Looking for code review - FastOTP - TOTP application

I've made my first Rust project and wanted some feedback to learn about my mistakes and improve my Rust skills. I've used this project as a learning ground for Rust so I am sure there are a ton of stuff that can be improved, nonetheless I don't have anybody besides me to get feedback so I am coming to you for this.

Here's my project: https://gitlab.com/fastotp1/fastotp

It tries to make use of Robert C. Martin Clean Architecture to achieve a clean separation between logic and non-logic components and having as a consequence, hopefully, of allowing multiple GUI front-ends to be implemented.

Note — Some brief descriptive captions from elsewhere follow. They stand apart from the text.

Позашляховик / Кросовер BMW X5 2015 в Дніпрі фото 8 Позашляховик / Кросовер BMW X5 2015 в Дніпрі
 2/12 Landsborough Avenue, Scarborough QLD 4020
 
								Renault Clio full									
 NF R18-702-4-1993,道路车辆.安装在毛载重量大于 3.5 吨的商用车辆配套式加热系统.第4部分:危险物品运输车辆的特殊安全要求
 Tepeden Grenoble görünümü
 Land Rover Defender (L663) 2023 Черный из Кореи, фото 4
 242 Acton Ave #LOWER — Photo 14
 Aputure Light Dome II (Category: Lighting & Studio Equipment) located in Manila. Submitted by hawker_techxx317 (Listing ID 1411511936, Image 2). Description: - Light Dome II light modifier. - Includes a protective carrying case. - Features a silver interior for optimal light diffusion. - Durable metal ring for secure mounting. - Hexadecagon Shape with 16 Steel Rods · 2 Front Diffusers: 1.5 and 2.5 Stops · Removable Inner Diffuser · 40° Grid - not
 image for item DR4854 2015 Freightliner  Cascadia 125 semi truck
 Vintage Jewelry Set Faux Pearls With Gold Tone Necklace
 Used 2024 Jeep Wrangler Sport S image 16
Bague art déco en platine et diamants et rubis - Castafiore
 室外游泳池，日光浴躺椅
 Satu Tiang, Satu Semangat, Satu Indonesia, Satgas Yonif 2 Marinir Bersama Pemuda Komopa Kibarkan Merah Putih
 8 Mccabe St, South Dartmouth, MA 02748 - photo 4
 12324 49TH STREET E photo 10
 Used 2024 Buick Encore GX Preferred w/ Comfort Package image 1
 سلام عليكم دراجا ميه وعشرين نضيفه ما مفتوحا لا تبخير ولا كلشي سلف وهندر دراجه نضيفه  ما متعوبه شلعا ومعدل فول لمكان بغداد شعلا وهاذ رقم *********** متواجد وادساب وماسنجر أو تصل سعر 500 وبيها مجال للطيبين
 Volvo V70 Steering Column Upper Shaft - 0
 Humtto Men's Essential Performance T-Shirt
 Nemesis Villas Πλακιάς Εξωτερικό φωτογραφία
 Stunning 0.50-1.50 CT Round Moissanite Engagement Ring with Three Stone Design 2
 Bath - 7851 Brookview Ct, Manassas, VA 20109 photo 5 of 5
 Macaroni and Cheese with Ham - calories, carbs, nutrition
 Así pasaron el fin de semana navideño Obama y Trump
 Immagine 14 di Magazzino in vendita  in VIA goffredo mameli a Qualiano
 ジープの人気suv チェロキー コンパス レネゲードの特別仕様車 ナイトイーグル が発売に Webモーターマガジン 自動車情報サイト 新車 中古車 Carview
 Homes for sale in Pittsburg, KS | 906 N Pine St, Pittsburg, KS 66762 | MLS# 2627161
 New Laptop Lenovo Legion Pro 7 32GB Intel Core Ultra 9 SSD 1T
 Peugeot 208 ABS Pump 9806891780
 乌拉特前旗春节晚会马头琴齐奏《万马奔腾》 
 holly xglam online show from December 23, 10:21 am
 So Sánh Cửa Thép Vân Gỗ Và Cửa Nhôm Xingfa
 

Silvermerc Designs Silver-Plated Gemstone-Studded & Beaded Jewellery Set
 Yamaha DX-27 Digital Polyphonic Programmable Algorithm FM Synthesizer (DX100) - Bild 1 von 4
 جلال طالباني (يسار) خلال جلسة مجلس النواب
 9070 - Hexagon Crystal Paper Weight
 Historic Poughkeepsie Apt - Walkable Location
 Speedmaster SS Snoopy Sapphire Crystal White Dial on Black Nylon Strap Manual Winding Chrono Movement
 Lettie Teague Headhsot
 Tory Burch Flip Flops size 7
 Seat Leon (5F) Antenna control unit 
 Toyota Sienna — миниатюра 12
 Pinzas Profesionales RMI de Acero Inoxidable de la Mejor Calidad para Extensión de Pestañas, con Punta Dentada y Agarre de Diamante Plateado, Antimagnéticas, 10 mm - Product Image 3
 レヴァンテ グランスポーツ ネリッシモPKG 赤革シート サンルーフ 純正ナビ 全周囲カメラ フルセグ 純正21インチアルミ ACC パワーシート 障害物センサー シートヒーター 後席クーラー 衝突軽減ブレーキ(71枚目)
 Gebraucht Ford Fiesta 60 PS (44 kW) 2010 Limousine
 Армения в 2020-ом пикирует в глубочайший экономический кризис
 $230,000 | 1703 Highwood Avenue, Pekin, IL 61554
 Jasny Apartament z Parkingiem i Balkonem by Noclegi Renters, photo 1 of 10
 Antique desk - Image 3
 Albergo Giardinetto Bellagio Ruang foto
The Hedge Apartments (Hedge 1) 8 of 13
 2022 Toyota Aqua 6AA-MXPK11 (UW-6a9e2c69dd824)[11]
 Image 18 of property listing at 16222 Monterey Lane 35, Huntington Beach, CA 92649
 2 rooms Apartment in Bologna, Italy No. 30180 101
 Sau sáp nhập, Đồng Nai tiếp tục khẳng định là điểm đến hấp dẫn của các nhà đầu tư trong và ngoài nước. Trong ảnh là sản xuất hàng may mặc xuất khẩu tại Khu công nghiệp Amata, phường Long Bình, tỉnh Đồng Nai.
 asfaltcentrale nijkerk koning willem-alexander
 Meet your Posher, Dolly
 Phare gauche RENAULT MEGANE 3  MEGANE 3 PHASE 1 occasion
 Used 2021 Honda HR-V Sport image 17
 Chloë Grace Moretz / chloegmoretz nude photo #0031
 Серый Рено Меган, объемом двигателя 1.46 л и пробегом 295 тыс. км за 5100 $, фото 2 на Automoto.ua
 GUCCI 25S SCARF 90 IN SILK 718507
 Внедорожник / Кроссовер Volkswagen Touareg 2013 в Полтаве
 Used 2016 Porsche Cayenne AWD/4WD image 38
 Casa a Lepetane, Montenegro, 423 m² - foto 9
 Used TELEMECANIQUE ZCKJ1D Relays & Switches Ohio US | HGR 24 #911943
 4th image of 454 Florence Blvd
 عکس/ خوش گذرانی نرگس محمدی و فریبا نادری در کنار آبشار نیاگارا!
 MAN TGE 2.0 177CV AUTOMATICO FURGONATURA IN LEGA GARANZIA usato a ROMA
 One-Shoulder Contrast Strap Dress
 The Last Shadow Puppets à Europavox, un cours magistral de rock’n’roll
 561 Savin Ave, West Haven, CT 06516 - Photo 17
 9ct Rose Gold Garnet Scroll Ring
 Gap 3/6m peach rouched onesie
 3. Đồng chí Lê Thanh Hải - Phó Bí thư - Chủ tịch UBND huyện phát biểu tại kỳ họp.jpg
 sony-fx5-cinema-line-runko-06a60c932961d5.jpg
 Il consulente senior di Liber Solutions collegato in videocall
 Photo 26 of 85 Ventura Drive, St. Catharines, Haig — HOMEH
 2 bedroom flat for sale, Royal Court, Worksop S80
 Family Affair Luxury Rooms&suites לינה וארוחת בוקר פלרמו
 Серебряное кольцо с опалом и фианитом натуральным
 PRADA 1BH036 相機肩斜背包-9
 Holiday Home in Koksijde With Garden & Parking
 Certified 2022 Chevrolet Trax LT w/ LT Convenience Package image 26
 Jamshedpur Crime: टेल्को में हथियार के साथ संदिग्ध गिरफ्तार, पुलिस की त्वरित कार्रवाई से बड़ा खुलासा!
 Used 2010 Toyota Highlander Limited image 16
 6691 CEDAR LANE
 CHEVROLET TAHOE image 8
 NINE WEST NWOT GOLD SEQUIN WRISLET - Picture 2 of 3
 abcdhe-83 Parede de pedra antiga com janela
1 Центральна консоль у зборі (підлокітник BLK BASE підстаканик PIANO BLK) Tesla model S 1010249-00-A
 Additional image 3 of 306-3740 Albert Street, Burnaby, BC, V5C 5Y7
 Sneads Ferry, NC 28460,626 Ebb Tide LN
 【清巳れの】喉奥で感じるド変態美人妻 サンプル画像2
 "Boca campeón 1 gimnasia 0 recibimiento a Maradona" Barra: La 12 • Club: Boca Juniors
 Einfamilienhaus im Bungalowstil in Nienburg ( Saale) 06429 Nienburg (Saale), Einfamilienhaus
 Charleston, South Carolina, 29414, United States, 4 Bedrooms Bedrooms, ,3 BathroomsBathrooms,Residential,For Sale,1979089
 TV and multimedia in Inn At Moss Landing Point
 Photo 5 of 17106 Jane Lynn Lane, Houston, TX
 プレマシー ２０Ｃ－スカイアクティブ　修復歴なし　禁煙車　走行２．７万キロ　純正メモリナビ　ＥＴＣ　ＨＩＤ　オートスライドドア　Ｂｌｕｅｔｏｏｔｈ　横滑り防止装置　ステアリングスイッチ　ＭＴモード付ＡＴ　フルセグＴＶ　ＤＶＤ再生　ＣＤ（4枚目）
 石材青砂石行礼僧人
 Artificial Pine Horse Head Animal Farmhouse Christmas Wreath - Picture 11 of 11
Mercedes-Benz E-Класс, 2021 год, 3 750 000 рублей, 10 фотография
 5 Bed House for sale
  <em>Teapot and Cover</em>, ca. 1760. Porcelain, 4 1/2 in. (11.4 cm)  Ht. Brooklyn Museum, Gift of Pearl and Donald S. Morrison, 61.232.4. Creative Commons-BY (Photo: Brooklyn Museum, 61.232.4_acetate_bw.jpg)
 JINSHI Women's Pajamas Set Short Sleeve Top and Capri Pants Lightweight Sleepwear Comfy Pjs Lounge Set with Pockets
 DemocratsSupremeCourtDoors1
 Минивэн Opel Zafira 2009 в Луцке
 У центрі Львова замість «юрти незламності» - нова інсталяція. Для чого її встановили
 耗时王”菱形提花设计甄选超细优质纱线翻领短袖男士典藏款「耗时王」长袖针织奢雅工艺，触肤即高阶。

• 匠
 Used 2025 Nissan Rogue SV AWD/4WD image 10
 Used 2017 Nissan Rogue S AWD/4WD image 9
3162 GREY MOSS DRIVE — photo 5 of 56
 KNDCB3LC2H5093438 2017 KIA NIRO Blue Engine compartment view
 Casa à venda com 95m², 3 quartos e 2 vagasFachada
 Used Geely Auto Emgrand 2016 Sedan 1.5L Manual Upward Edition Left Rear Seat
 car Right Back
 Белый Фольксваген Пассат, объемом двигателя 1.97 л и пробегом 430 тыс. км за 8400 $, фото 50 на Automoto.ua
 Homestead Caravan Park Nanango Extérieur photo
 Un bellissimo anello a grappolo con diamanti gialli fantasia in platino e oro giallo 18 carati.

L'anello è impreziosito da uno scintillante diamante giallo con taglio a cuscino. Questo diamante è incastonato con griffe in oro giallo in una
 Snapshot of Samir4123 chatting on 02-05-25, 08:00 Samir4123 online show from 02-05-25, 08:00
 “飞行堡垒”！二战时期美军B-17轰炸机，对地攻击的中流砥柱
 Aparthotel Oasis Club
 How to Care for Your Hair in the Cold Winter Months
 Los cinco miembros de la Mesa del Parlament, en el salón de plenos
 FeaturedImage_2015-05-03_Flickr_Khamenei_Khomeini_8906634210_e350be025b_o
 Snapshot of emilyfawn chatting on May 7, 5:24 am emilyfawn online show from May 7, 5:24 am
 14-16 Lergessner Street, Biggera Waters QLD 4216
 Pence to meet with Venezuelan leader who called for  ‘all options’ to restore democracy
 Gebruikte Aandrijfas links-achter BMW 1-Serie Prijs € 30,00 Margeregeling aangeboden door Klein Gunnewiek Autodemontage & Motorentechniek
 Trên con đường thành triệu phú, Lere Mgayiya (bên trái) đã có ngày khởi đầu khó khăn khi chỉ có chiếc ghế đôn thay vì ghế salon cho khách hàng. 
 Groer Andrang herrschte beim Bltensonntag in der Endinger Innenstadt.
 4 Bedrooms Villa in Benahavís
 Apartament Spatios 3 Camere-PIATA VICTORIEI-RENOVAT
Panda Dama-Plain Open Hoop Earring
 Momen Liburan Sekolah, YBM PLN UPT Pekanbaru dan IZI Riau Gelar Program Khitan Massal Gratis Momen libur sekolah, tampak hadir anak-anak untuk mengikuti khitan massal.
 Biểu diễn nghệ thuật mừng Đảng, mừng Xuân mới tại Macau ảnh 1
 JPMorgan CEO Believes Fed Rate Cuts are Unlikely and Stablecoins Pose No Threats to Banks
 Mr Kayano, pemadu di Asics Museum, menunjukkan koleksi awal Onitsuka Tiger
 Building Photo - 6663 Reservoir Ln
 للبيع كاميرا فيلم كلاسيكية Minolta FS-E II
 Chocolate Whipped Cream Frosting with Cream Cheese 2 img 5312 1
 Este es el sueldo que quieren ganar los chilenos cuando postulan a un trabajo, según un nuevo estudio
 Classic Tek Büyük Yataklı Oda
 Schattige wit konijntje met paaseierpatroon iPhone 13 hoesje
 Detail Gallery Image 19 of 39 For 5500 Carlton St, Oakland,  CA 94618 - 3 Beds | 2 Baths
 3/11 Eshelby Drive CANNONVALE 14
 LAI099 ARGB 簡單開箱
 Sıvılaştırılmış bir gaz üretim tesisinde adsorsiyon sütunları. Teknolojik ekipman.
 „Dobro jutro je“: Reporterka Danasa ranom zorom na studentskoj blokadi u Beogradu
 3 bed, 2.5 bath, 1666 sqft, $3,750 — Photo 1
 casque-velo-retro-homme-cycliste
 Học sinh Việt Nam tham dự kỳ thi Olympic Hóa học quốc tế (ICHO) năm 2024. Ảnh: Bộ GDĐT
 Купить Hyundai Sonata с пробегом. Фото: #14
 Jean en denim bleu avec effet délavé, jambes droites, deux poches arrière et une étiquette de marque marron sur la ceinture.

Additionally I've also collected a bunch of questions that have arisen:

Questions:

  • Is the use of Arc + AsyncRwLock sensible for the shared types or could it be replaced with something simpler?
  • Where could owned values be replaced with borrowing, impl Trait, generics, etc.?
  • Is it ok that every struct uses String instead of &str?
  • Is the use of lifetimes around the code base adequate?
  • Which performance optimizations could be done (e.g. redundant clone()'s, boxing, lack of use of generics, etc.)
  • Are the implementations of the streams correct? How can they be improved?
  • Which changes in code organization or similar can be made to improve compile times?
  • Which traits could be implemented that could improve code quality and readability?
  • Could something be done to reduce repetition of the presenters (e.g. macros)?
  • Where could declarative macros help reducing boilerplate in fastotp_iced_gui crate?
  • Is code organization well-reasoned (e.g. modules, use of directory with mod.rs + single .rs file)?
  • Which derive clauses should be used for each struct?
  • What could be improved in the architecture?
  • Is the use of AES-GCM-SIV ok, or better something like XChaCha20-Poly1305?
  • Are the used imports the better ones?
  • What could be behind a cargo feature?
  • Is the architecture adequate to have interchangeable UI frontends (e.g. GUI, CLI, web, etc)?
  • Which documentation practices could be included?
  • Where could the use of const generics, const arrays, or in general const operations improve the code?
  • Where could the try '?' operator be used to improve code reading?

If you have experience with Gitlab, or you have feedback outside the Rust code itself, that is also welcome.

Thanks for looking by

Bumping in hopes someone wants to gives some feedback :crossed_fingers:

Arc is for sharing, and it's normal to see it used often in async and GUI applications. AsyncRwLock can block long-running operations, so it depends whether you want that behavior or not. You could use Arc<Mutex> or ArcSwap to quickly replace shared data, and handle async throttling elsewhere.

  • Where could owned values be replaced with borrowing, impl Trait, generics, etc.?

I see you're implementing poll yourself. async fn syntax sugar allows self-referential Futures, which allows more references in async code. If you don't need generic code, don't add it. It makes compilation slower and compiler errors more vague.

  • Is it ok that every struct uses String instead of &str?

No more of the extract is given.